### [Assignment]
Output the data in full. Keep every word exact and exclude the pictures.

(Supplied information)

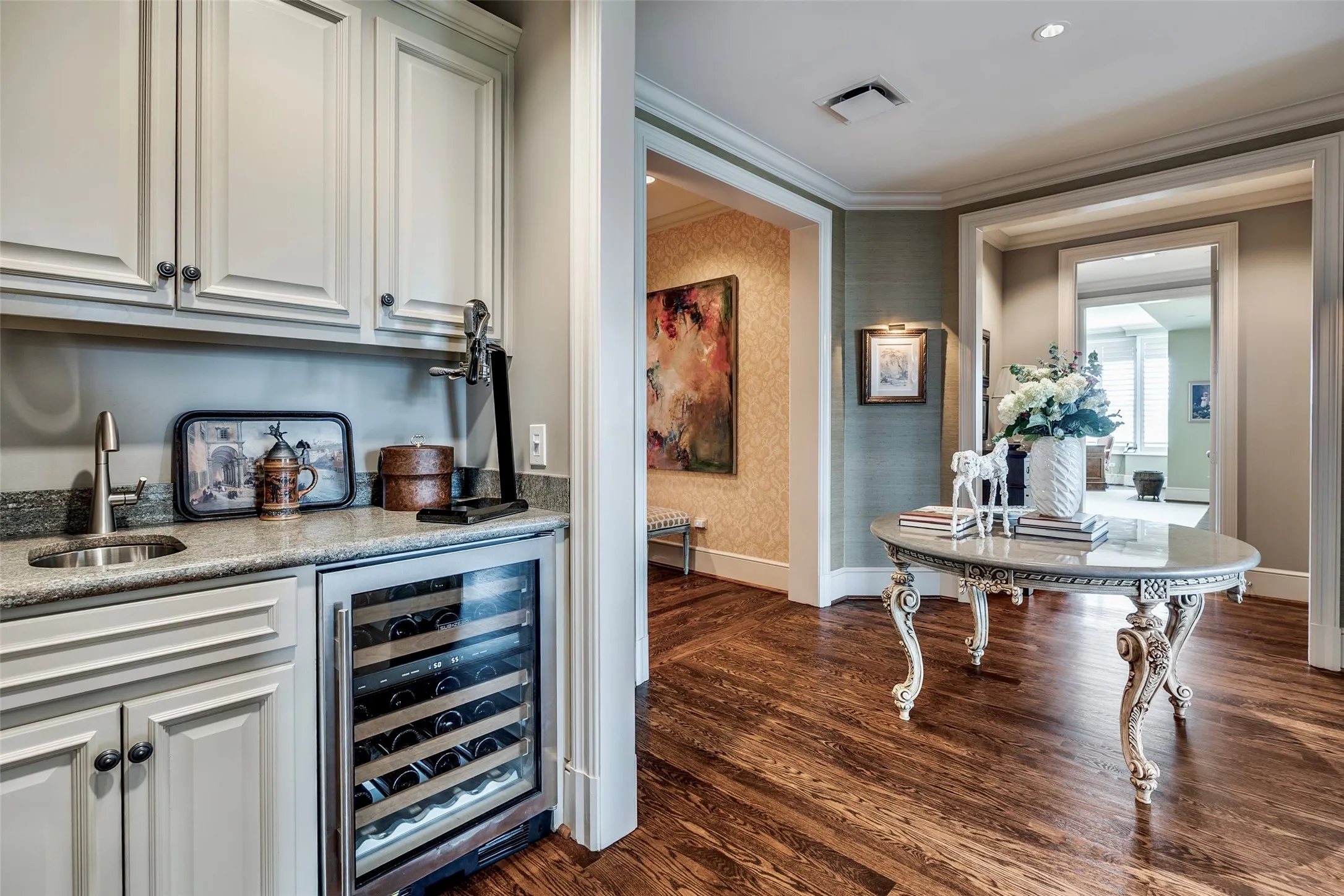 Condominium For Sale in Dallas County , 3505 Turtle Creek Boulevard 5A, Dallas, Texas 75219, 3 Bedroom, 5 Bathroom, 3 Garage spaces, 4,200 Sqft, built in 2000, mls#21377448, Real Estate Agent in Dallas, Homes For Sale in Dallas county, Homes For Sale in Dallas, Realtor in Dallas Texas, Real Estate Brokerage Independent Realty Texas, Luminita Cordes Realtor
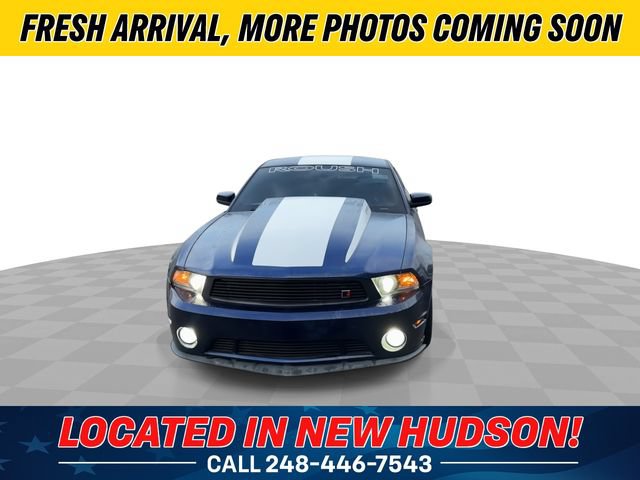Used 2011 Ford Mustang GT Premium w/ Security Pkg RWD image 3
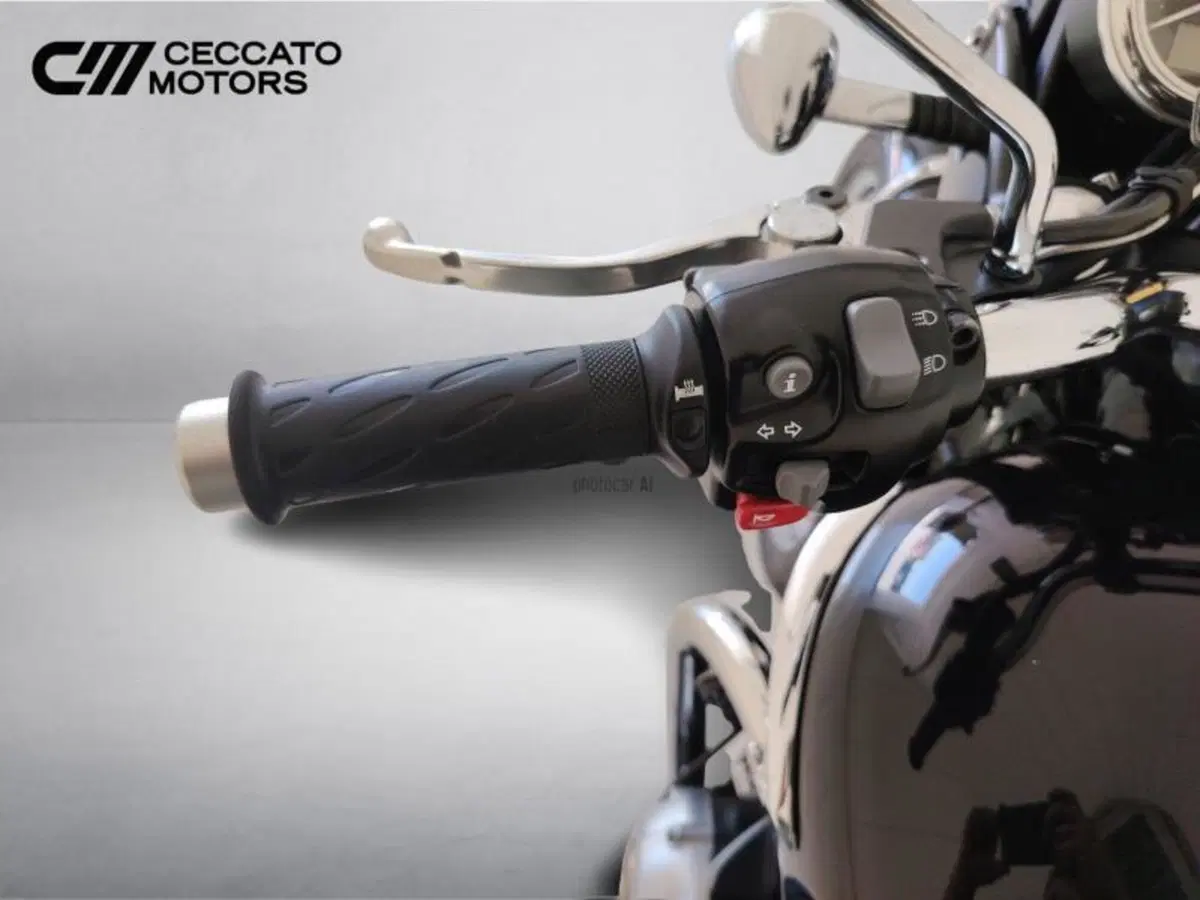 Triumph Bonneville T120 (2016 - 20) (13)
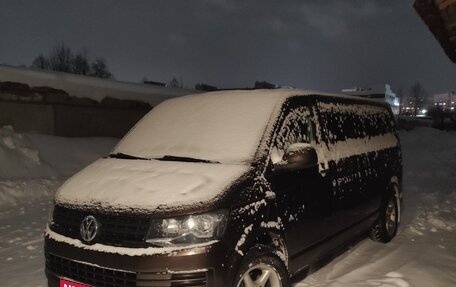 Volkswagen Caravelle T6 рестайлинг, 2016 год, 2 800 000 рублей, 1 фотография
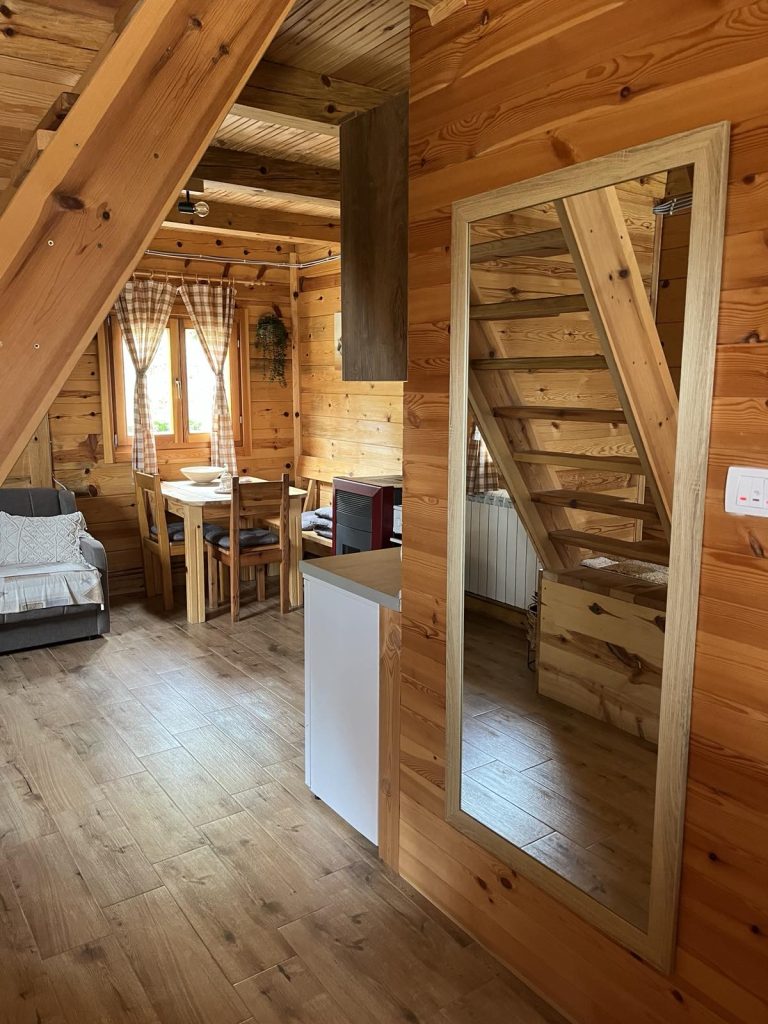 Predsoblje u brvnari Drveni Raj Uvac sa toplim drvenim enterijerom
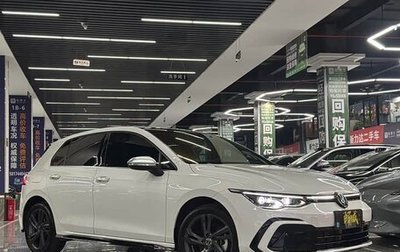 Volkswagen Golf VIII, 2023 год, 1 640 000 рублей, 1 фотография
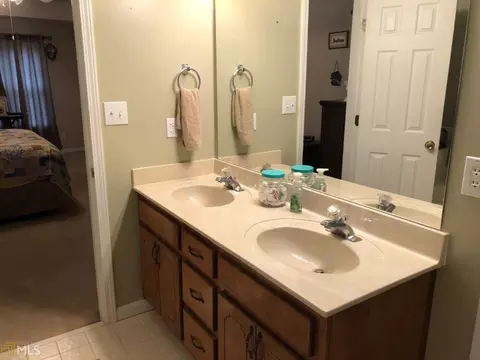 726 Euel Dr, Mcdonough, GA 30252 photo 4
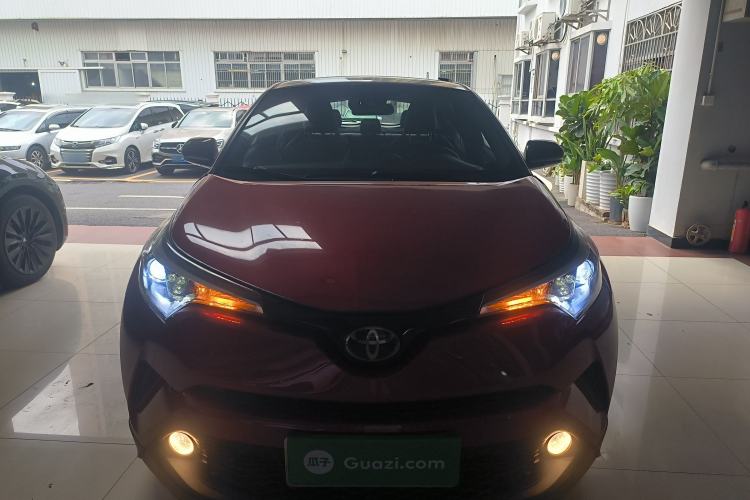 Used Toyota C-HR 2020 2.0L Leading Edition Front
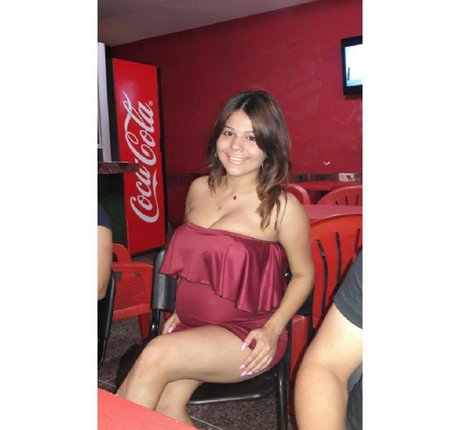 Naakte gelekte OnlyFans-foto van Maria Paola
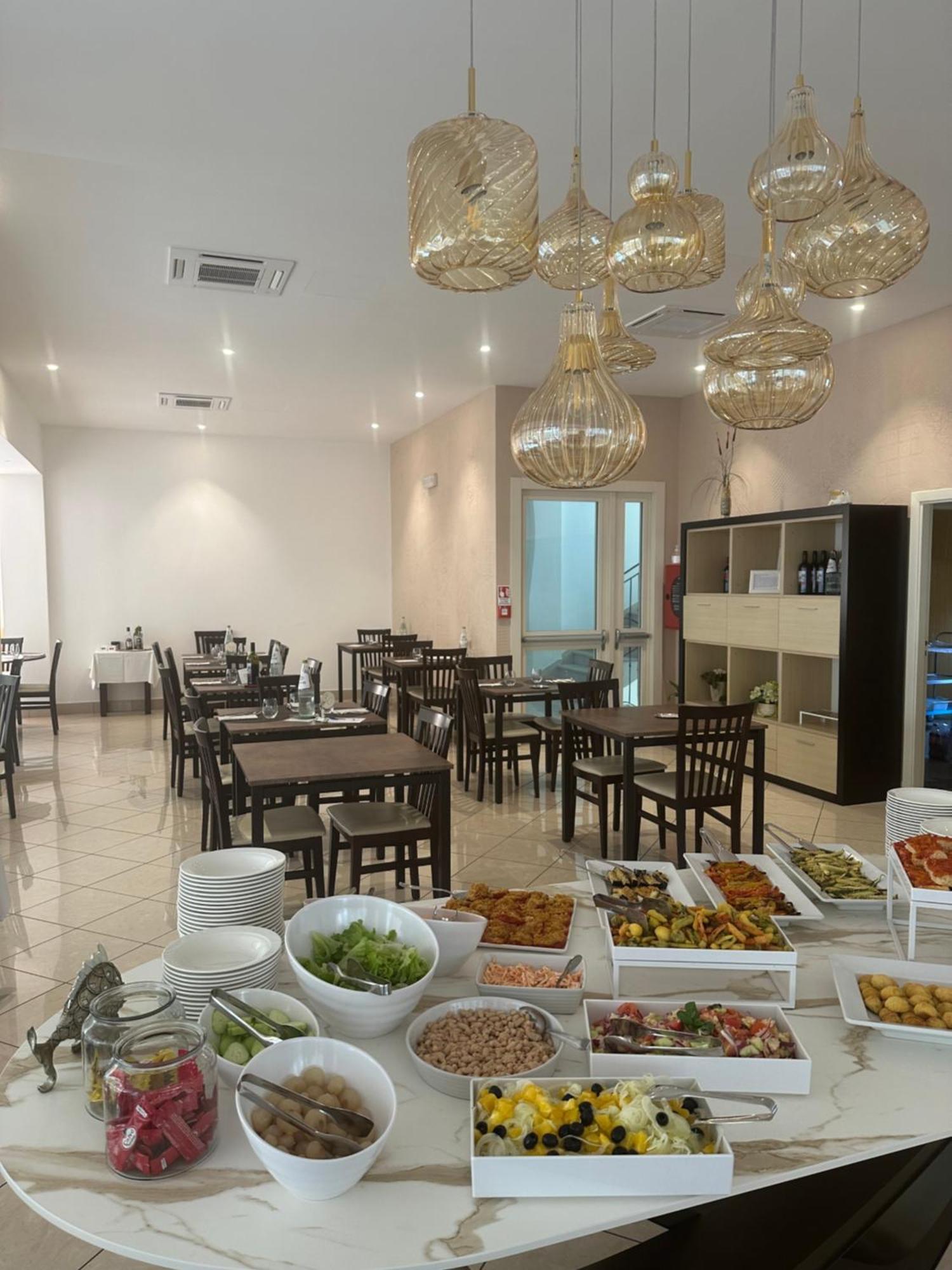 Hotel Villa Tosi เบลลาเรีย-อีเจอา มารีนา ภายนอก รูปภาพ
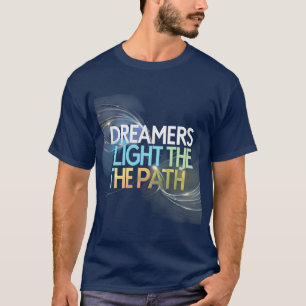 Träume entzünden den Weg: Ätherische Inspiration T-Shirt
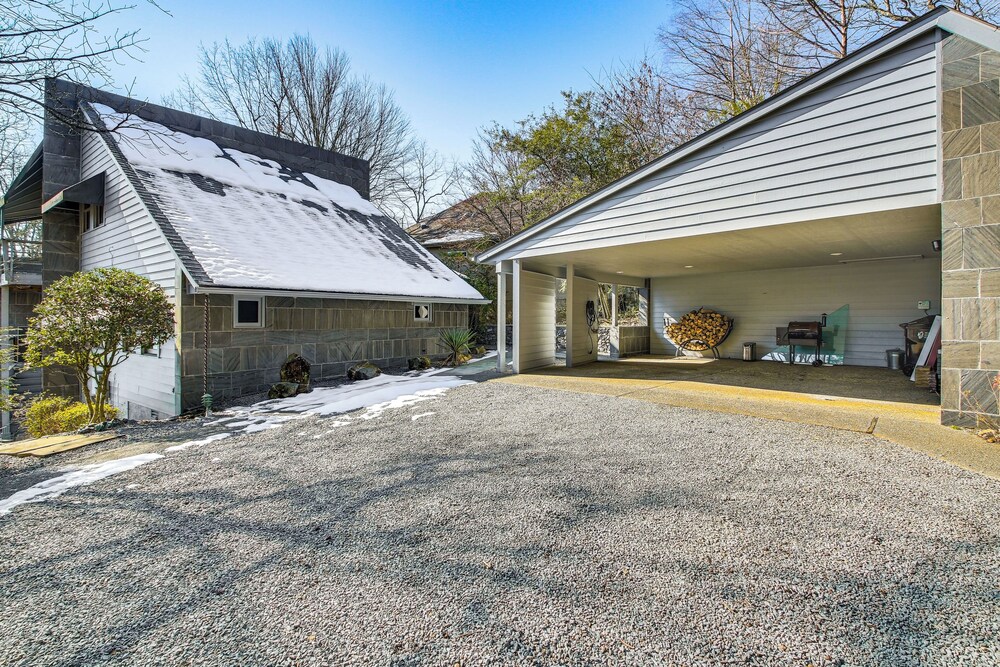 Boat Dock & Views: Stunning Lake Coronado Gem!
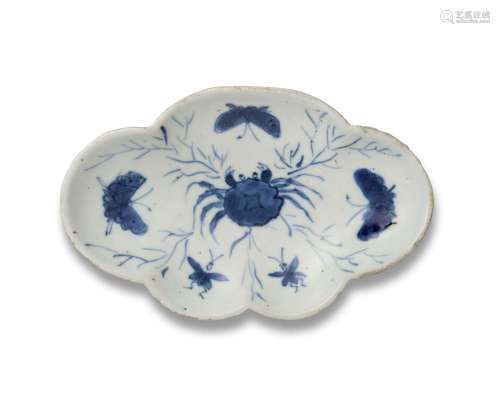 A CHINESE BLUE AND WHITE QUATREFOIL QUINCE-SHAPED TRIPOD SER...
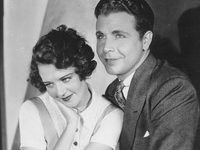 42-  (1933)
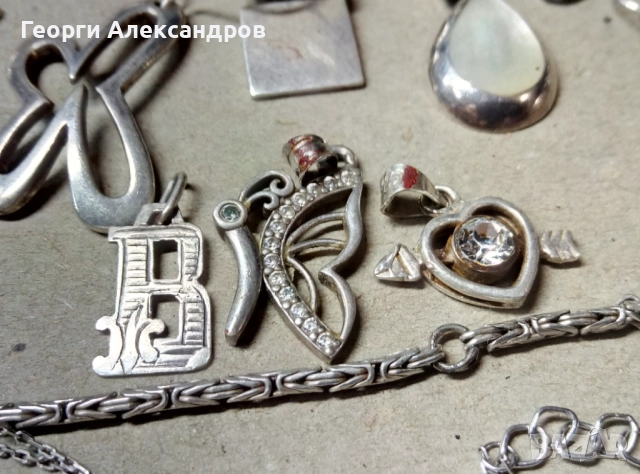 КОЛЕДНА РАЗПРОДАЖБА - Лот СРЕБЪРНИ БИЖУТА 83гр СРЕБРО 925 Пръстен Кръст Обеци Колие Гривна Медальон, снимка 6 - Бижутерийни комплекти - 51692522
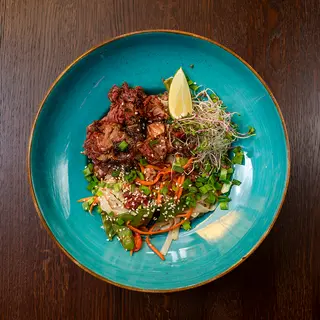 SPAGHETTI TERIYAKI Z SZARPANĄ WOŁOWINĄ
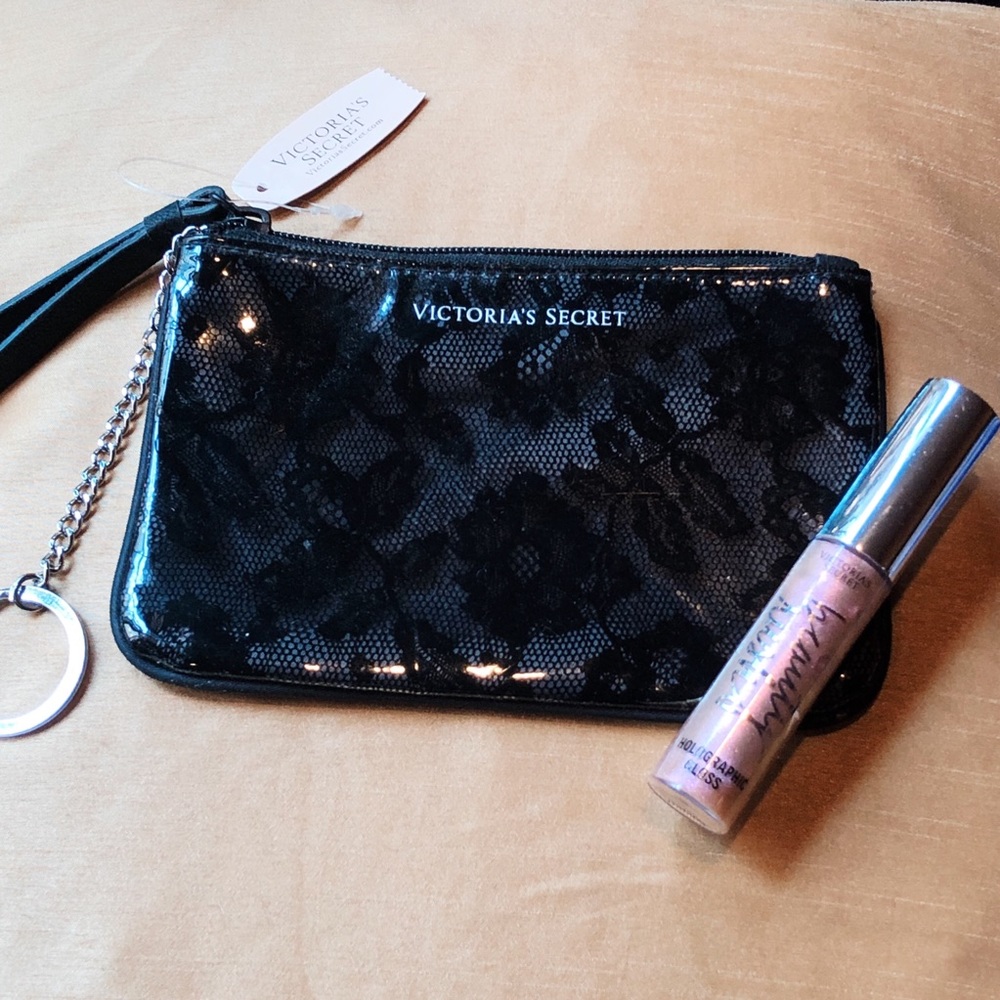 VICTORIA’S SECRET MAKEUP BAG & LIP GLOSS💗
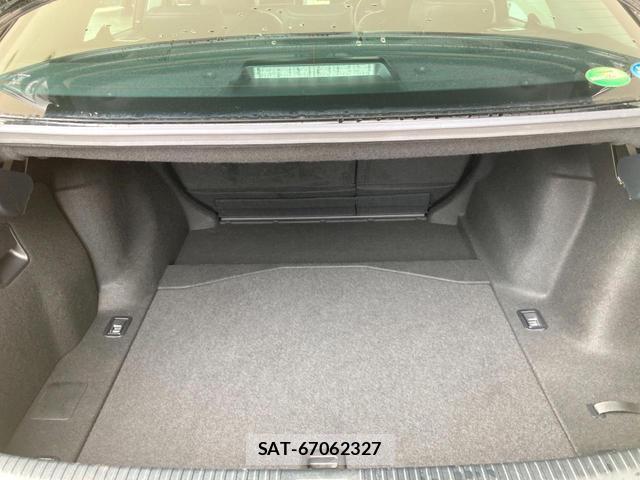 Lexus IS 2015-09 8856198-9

(End Supplied information)

### [Exercise answer]
 Condominium For Sale in Dallas County , 3505 Turtle Creek Boulevard 5A, Dallas, Texas 75219, 3 Bedroom, 5 Bathroom, 3 Garage spaces, 4,200 Sqft, built in 2000, mls#21377448, Real Estate Agent in Dallas, Homes For Sale in Dallas county, Homes For Sale in Dallas, Realtor in Dallas Texas, Real Estate Brokerage Independent Realty Texas, Luminita Cordes Realtor
Used 2011 Ford Mustang GT Premium w/ Security Pkg RWD image 3
 Triumph Bonneville T120 (2016 - 20) (13)
 Volkswagen Caravelle T6 рестайлинг, 2016 год, 2 800 000 рублей, 1 фотография
 Predsoblje u brvnari Drveni Raj Uvac sa toplim drvenim enterijerom
 Volkswagen Golf VIII, 2023 год, 1 640 000 рублей, 1 фотография
 726 Euel Dr, Mcdonough, GA 30252 photo 4
 Used Toyota C-HR 2020 2.0L Leading Edition Front
 Naakte gelekte OnlyFans-foto van Maria Paola
 Hotel Villa Tosi เบลลาเรีย-อีเจอา มารีนา ภายนอก รูปภาพ
 Träume entzünden den Weg: Ätherische Inspiration T-Shirt
 Boat Dock & Views: Stunning Lake Coronado Gem!
 A CHINESE BLUE AND WHITE QUATREFOIL QUINCE-SHAPED TRIPOD SER...
 42-  (1933)
 КОЛЕДНА РАЗПРОДАЖБА - Лот СРЕБЪРНИ БИЖУТА 83гр СРЕБРО 925 Пръстен Кръст Обеци Колие Гривна Медальон, снимка 6 - Бижутерийни комплекти - 51692522
 SPAGHETTI TERIYAKI Z SZARPANĄ WOŁOWINĄ
 VICTORIA’S SECRET MAKEUP BAG & LIP GLOSS💗
 Lexus IS 2015-09 8856198-9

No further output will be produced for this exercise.